Não existe dimensão espiritual sem temporalidade e “não existe temporalidade que não gere graus de espiritualidade” – disse António Matos Ferreira no colóquio «Poder Espiritual/Poder Temporal – As relações Igreja-Estado no tempo da República (1910-2009) que decorre em Lisboa, Faculdade de Letras, nos dias 15 e 16 deste mês. O tempo e o espírito são duas marcas da condição humana. Nelas “confrontam-se as legitimidades” das instituições.
As reformas quinhentistas apontaram para uma “diversificação de soluções”, tanto Calvino como Lutero situam o seu debate no problema da valorização das mediações. “A interpretação dada aos instrumentos requeridos para o exercício do poder” – salienta o historiador na sua conferência subordinada ao tema «As relações Igreja/Estado na I República Portuguesa».

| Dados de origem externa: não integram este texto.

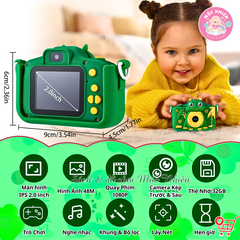 Máy chụp hình Camera - Máy ảnh kỹ thuật số cho bé có tích hợp chơi game (Tặng kèm thẻ nhớ 32GB)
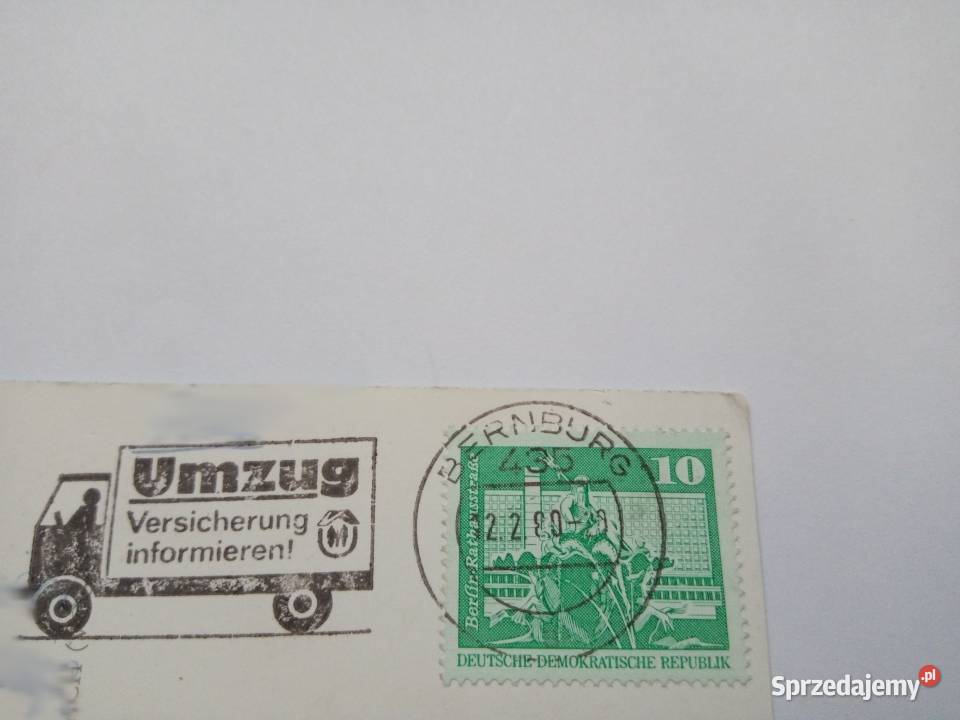 Pocztówka Magdeburg z 1980r Znaczek Dąbrowa Górnicza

No início do século XX, Portugal assistiu a um debate – na linguagem do Papa Leão XIII – das “esferas do político às esferas do social”. Na sociedade contemporânea, a disputa não está entre o temporal e o espiritual, mas “política e religiosa”. “Há uma disputa no que se pretende que “o Estado seja e, também, no que se pretende que a Igreja seja” – sublinhou António Matos Ferreira. As elites católicas reflectem sobre “o que é a Igreja”. O tradicionalismo político versus liberalismo político debateu-se sobre a natureza do regime.
Há diferentes concepções de separação entre a Igreja e o Estado. “Há situações onde o pároco é protegido pela população e outras onde ele não é protegido pela população” – refere o conferencista. No meio católico existem percepções “distintas do que é ser católico” – acrescentou. Esta separação estava “presente no final da monarquia constitucional” – proferiu o historiador.
Perante estes debates, o episcopado português reagiu em conjunto. “É o aparecimento das pastorais colectivas” – afirma. Durante a 1ª República, a Santa Sé “não se impediu de nomear bispos” mesmo na ausência de relações diplomáticas.